_Data block_

^^^^^^^^^^^^^^^^

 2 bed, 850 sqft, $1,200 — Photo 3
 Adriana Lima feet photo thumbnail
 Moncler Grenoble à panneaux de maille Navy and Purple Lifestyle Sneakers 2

^^^^^^^^^^^^^^^^

_Task_
Return every line from the one holding "Adriana Lima feet photo thumbnail" through the end of the data, exactly as it appears, with both ends kept and nothing else.

_Solution to this exercise_
 Adriana Lima feet photo thumbnail
 Moncler Grenoble à panneaux de maille Navy and Purple Lifestyle Sneakers 2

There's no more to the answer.